Dalil Boubakeur, head of the Grand Mosque of Paris, said on Friday he was quitting as government-designated head of the French Council of the Muslim Faith (CFCM) representing the country’s Muslims. Muslims are France’s second largest religious group.

The government set up the council to promote dialogue with a minority often sidelined in this traditionally Catholic country of 60 million.

Boubakeur, an Algerian with close ties to President Jacques Chirac, was appointed to head the panel.

Within hours of announcing his resignation, Boubakeur retracted it saying it had been mistakenly faxed off by a negligent secretary. However, he said he would stay on only if he could effectively lead the council.

Most of France’s Muslims are immigrants or children of immigrants from its former Arab colonies in North Africa. But integration has been patchy and xenophobic National Front leader Jean-Marie Le Pen won 17 percent of the vote in the first round of 2002 presidential elections.

Increasingly under fire, Interior Minister Nicolas Sarkozy vigorously defended the council he created.

“We have to develop a French Islam,” he told the newspaper Le Figaro on Saturday. “How can you develop a French Islam if you don’t want to talk to anybody?

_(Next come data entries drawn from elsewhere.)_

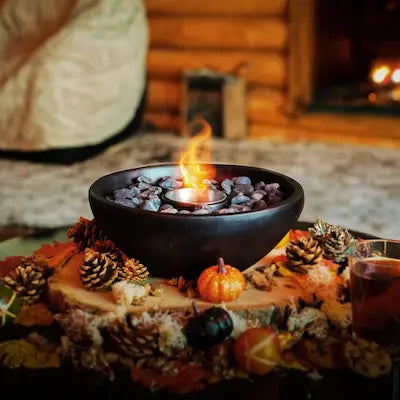 Round black bio ethanol tabletop fireplace with flame, placed on an autumn-themed table with pinecones and mini pumpkins
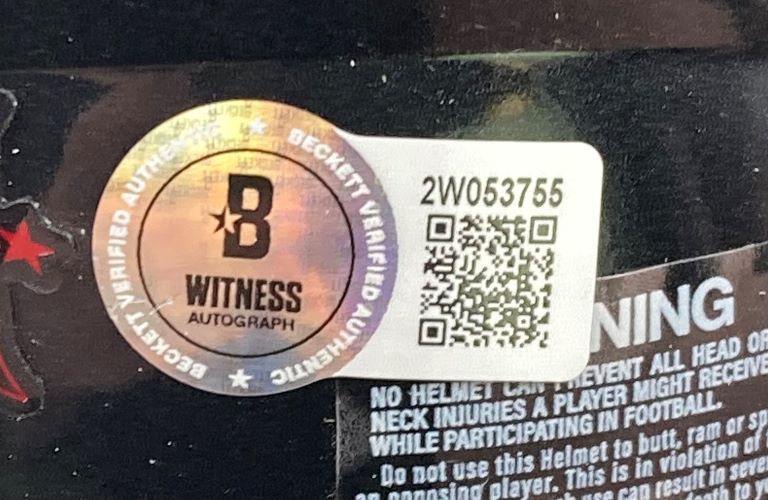 A Beckett Witnessed authentication sticker and a white label with QR code and “2W053755” are attached to the Sports Integrity Stefon Diggs Signed Houston Texans Mini Speed Helmet BAS w/ Case, partly covering a warning label.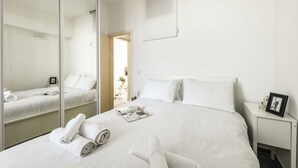 Une chambre d’hôtel avec un grand lit, une table de chevet sur laquelle se trouve un cadre photo et un miroir.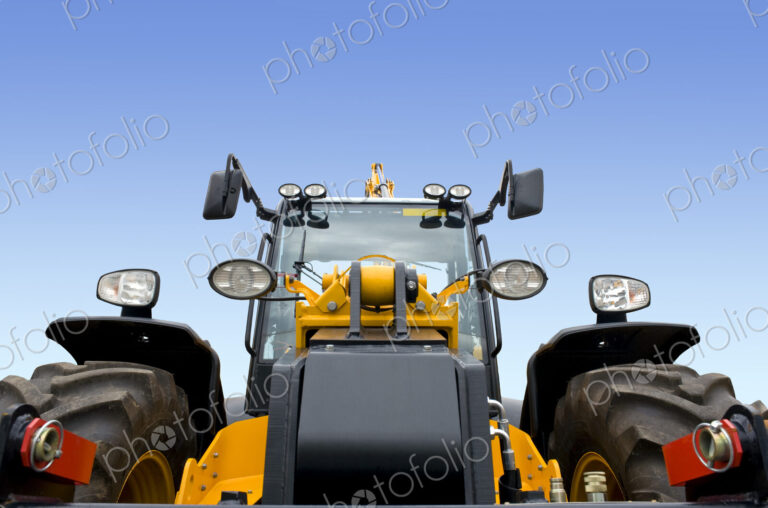 A frontal view of a new modern earth digger vehicle with yellow paint and a driver cab.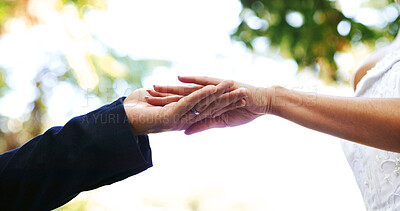Buy stock photo Wedding, below and couple in park holding hands for marriage, love and commitment for celebration. Affection, outdoor and bride and groom together for save the date, relationship and romantic event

The rise in fundamentalism is the product of a discussion we haven’t had.”

Sarkozy persuaded the country’s fractious Muslims last year to form a council like the Catholic, Protestant and Jewish umbrella groups that deal with the secular French state. But moderate Boubakeur’s position was undermined when his group came third last April in voting for the council, behind the Union of Islamic Organizations in France (UOIF). The UOIF swept regional CFCM elections this month.

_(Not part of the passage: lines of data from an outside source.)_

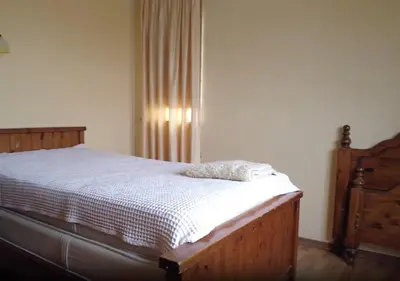 Letto o letti in una camera di Casa del Bosco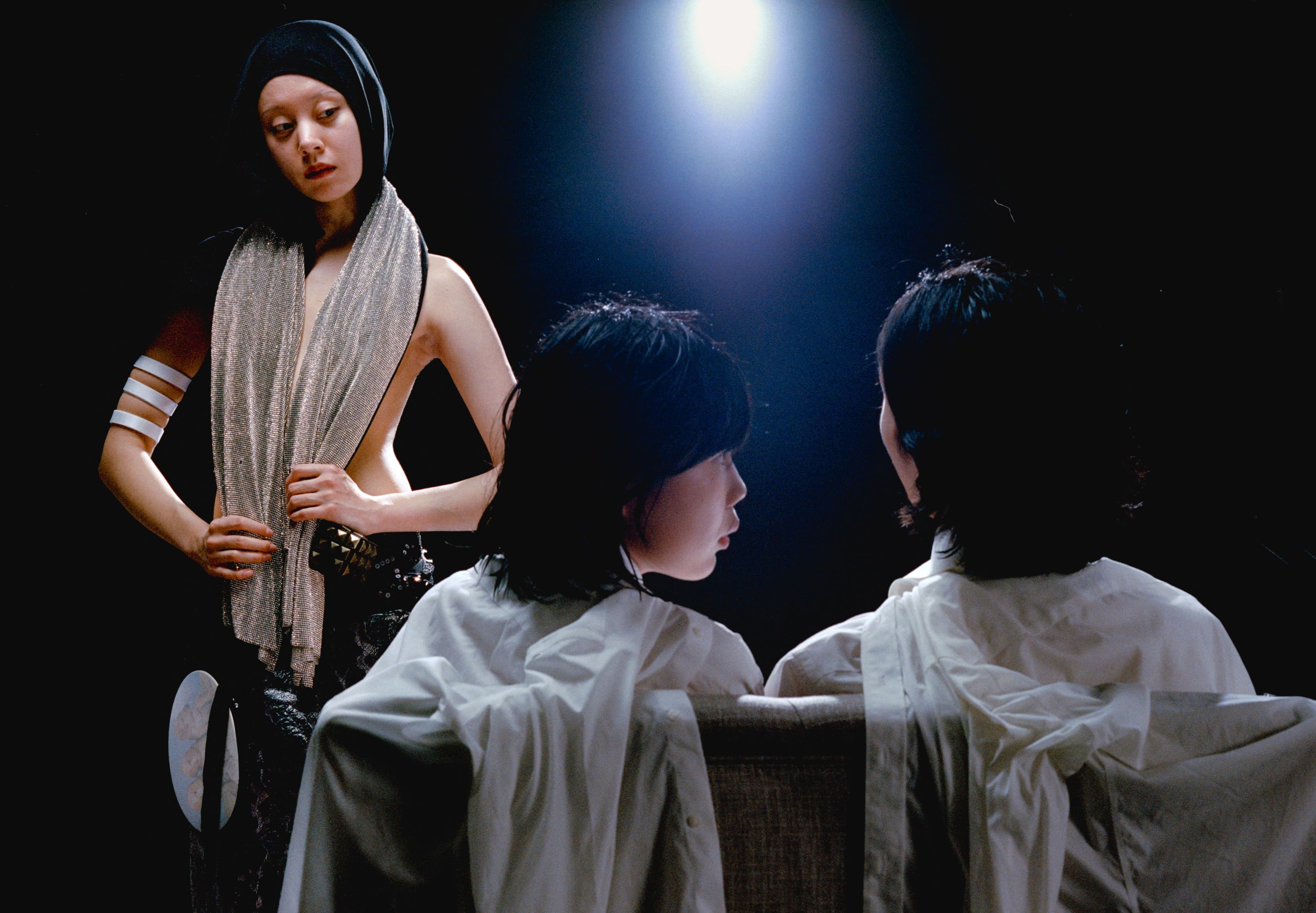 FROM LEFT: Aisha wears SHIRT, stylist’s own. SKIRT by ,All-In. ,Echo and Kung wear SHIRTS, stylist’s own.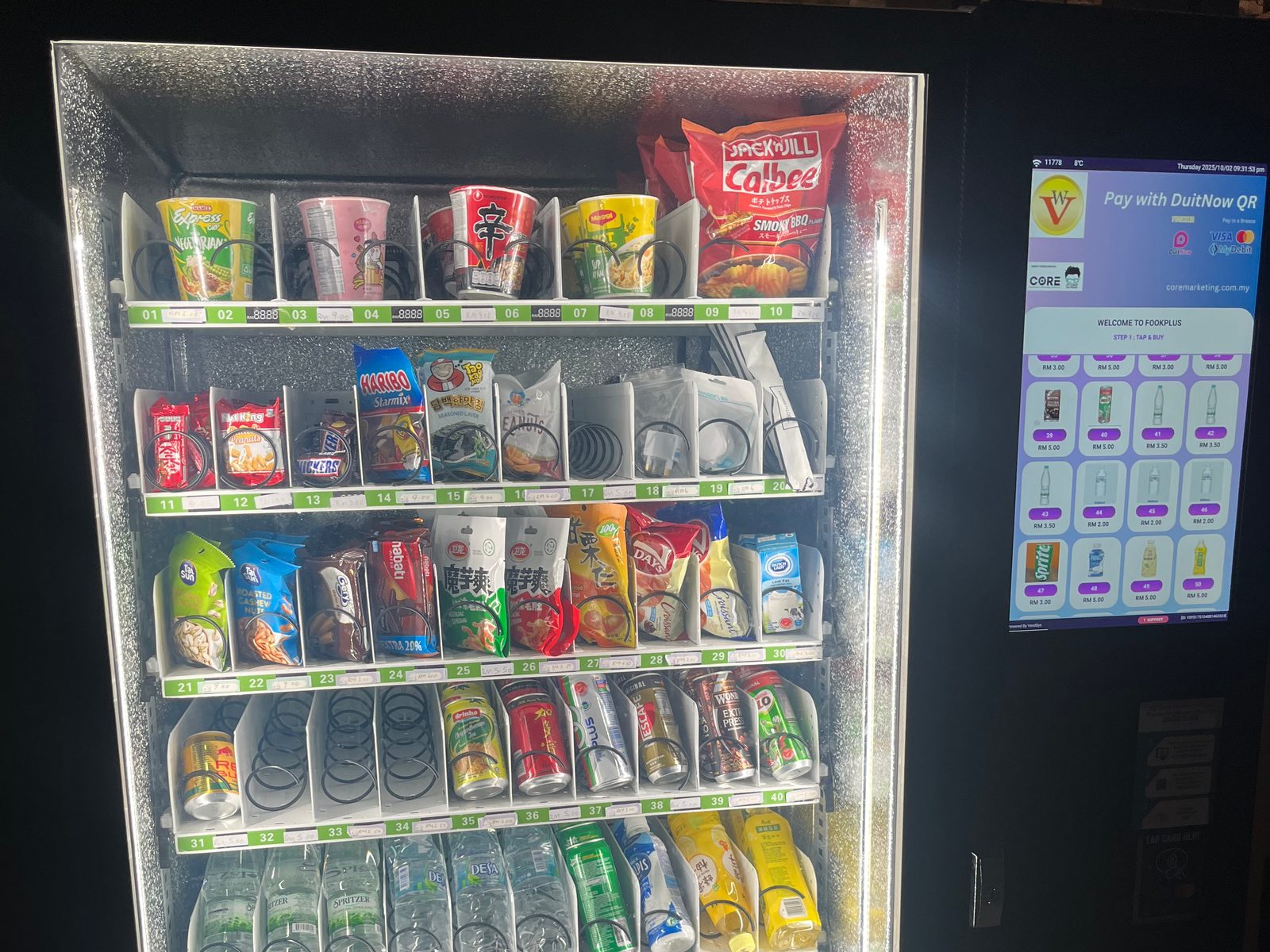 Lit vending machine with snacks and drinks next to a screen reading Pay with DuitNow QR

Boubakeur, 62, issued a statement on Friday saying he was resigning for health reasons, only to retract it hours later. He attempted to quit two weeks ago, but was persuaded at the time to stay on by Sarkozy. Sources at the CFCM say that apparently it was again Sarkozy who persuaded Boubakeur to not go through with his decision on Friday.

The UOIF, whose doctrines are close to the Muslim Brotherhood, has gained ground in recent years in the poor suburbs where disaffected Muslim youths — many born in France — increasingly turn to Islam for identity and values. “The CFCM has exposed a situation that we have willingly ignored,” Sarkozy said. “Who cannot see that the big question here is one of an identity that has been humiliated? A humiliated identity is an identity that turns radical.”

The minister also advised caution against rising calls for France to ban Muslim headscarves in schools as incompatible with the strictly secular values the state stands for.

“It’s irresponsible to ask whether Islam is compatible with our republic, because if you say ‘no’, what do you do then? Do you ask the Muslims to leave? Do you ask them to convert?”

Gilles Kepel, a leading French expert on Islam, accused Sarkozy of misusing religion for political ends by trying to boost a pro-government leader through a body hard-liners could influence thanks to their superior organization.